Does his new life mean he’s mellowed? Maybe, but it’s not necessarily a problem for a performer who embodies contradictions as a matter of course. He’s a liberal who can’t stand the left, a feminist with pretty rude things to say about women, a sensitive brute. And now, as a father, his daughter is “the one thing stopping me from killing myself and also the main reason I want to do it.”

He's always caught heat from both sides, and he clearly feels that’s the best place to be. On his primary topic of mental health, he’s internalised the talking points and understands the issues at play, but feels it’s his sacred duty to assault sacred cows. There’s something unmistakably retro about this position that makes absolute sense for someone who came of age in the time of South Park: a both-sides-ism that feels fresh almost because it’s so unfashionable.

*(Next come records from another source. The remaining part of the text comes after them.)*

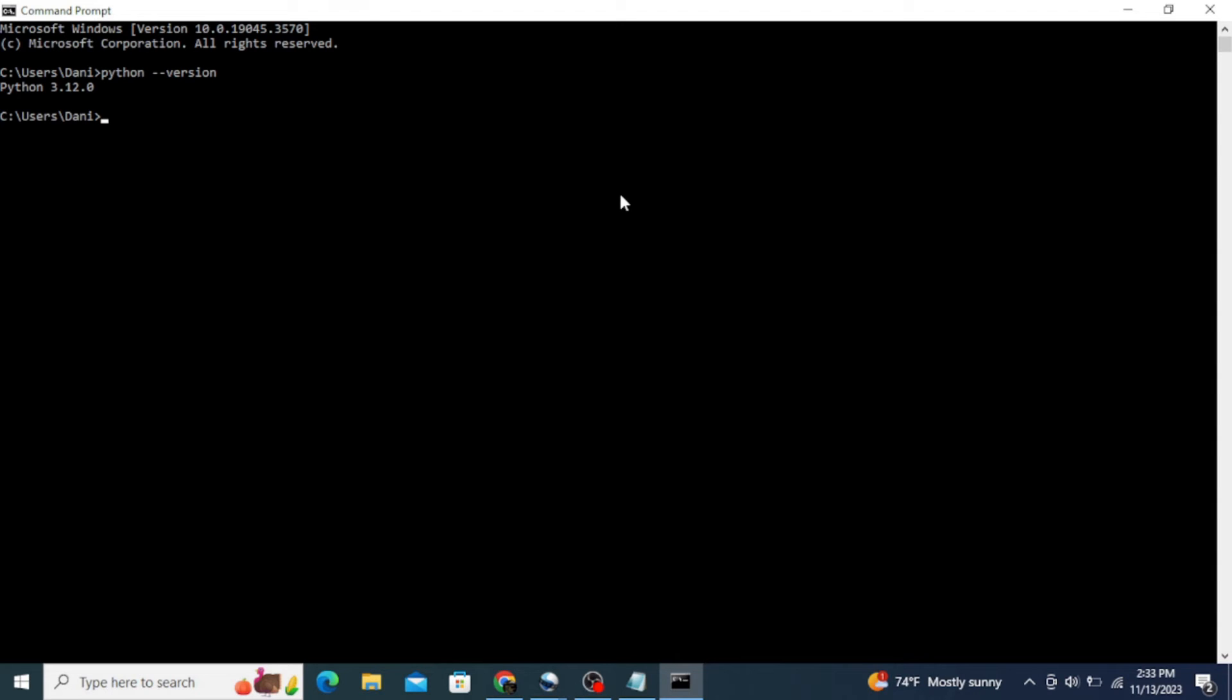You can see that the latest version of Python, which is Python 3.12.0, is correctly installed in our system. Now let's install NumPy. For any library or module installation, we need pip. So to check for pip, type in 'python -m pip --version' and hit enter.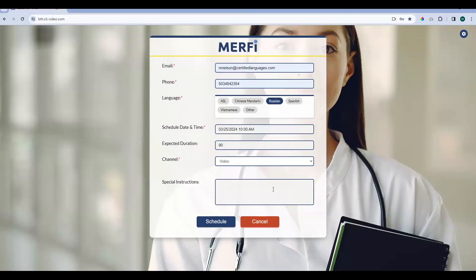The special instructions field is not required, but enter in any relevant information that our scheduling team or the interpreter should know before accepting the pre-schedule request. You can enter the topic of the appointment so that we can get you the right interpreter, or tell us that you need materials for the interpreter to review before the appointment. If our scheduling team has any questions, they will send you an email at the contact email you provided. Today I don't need to make any special requests, so I'm going to leave it blank and I am ready to submit this form. The schedule button is now activated, so we're going to go ahead and click it — but you can always cancel the request if you don't need it anymore. I'm going to show you how to cancel after you've placed it as well.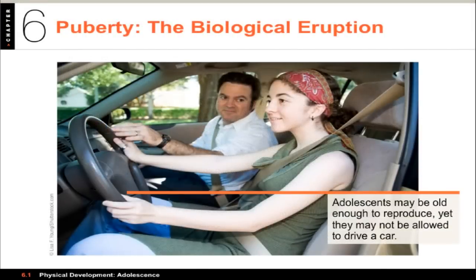First thing we want to talk about is puberty. Adolescence is interesting — it's a historical thing, and it hasn't always existed as a discrete period. It used to be you went straight from childhood to adulthood. Adolescence is a relatively recent invention; it's a transitional period between childhood and adulthood, bounded by puberty at the lower end and the assumption of adult responsibilities at the upper end.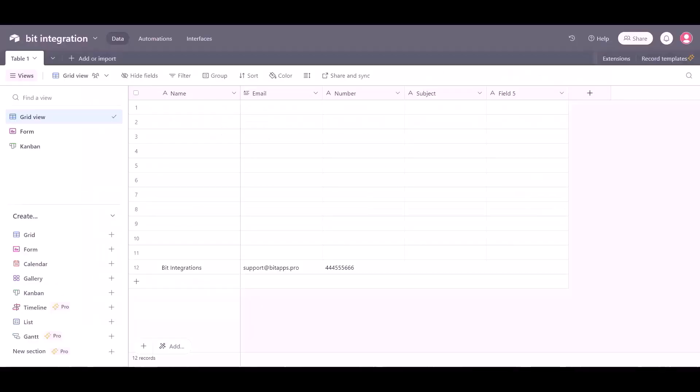Now go to Airtable site and here you can see the data came successfully in Airtable via Pabbly.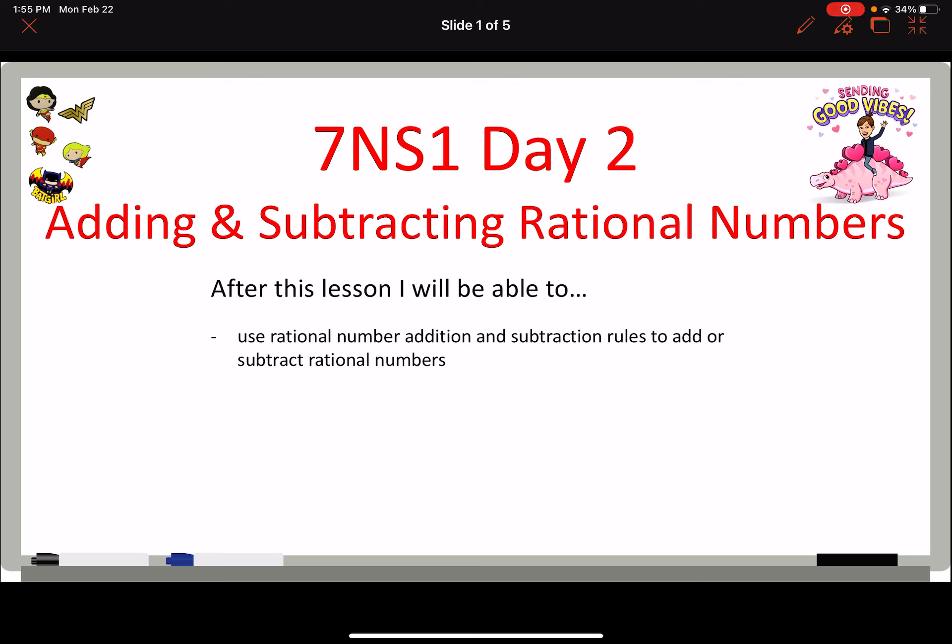Welcome to Lesson 7, Day 2. Today we're going to talk about adding and subtracting with rational numbers. This is Part 2 in a two-part series of how to add and subtract using positives and negatives. In the last lesson, we talked about adding and subtracting with just integers. Now we're going to extend those rules to add and subtract with numbers that have fractions and decimals.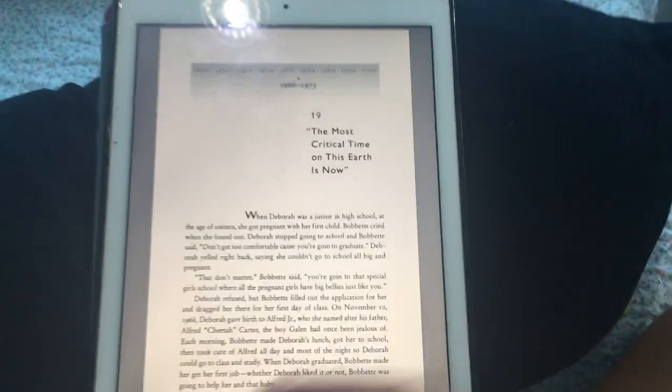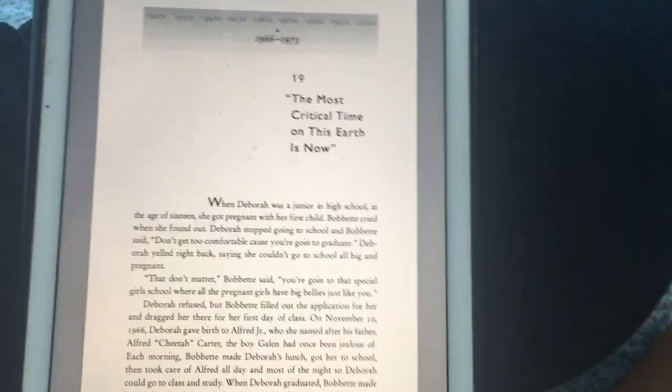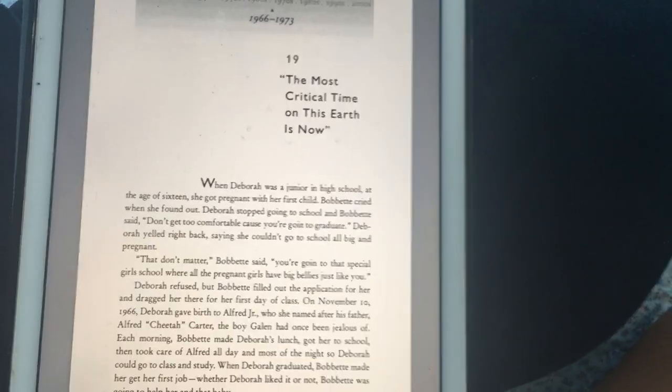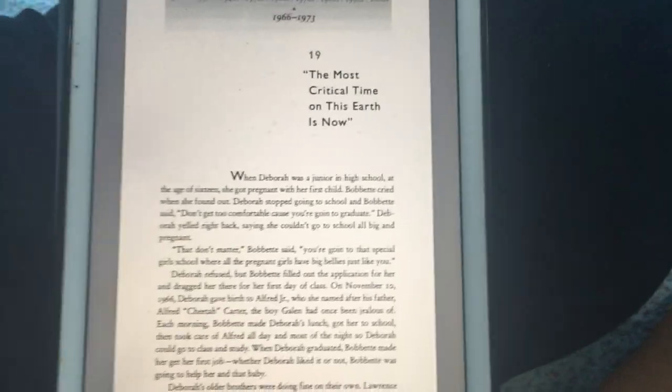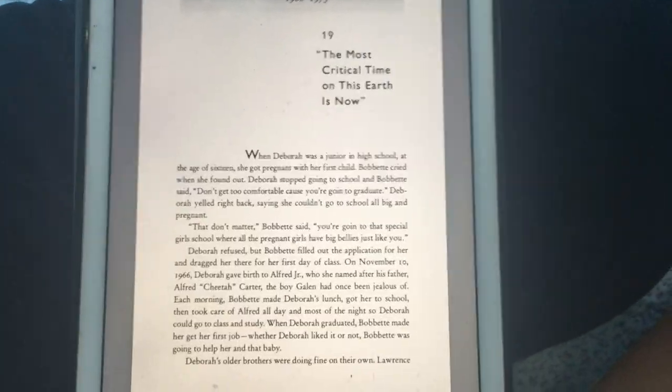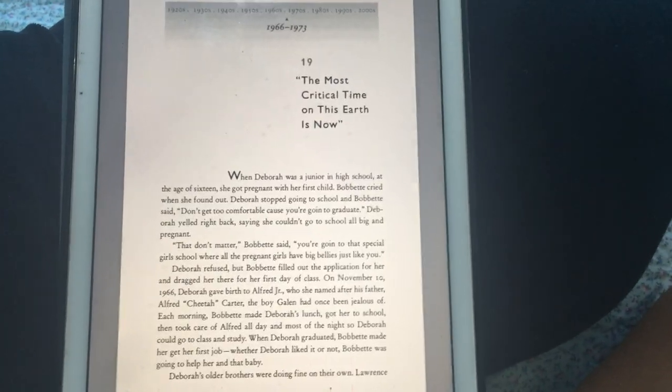Hello guys, welcome back and this is The Immortal Life of Henrietta Lacks by Rebecca Skloot. This is chapter 19, let's dive right into it.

But in some places, it lets him down. He’s satisfied with the odd rhythms of laughter that he provokes, with sections of the crowd hissing uncomfortably while others lose control (and it’s rarely the same people with the same reactions from joke to joke), however it’s a complex form of audience feedback. Perhaps sometimes a joke really doesn’t work, or really does go too far – it must be difficult to tell from his vantage point. Material about Hitler and World War Two fails to find a new angle on the night I see him at the Soho Theatre, and bits about hormonal women don’t get enough purchase to make it over the sexist uncle barrier.

After one contentious line near the top, he remarks that “when I go on tour I have a support act who takes the tension out of the room.” But obviously the tension is largely the point, and his most successful material riffs on the fine line he treads with his audience. At his best, as my date put it, “I’m almost cross with myself that I laughed so much.”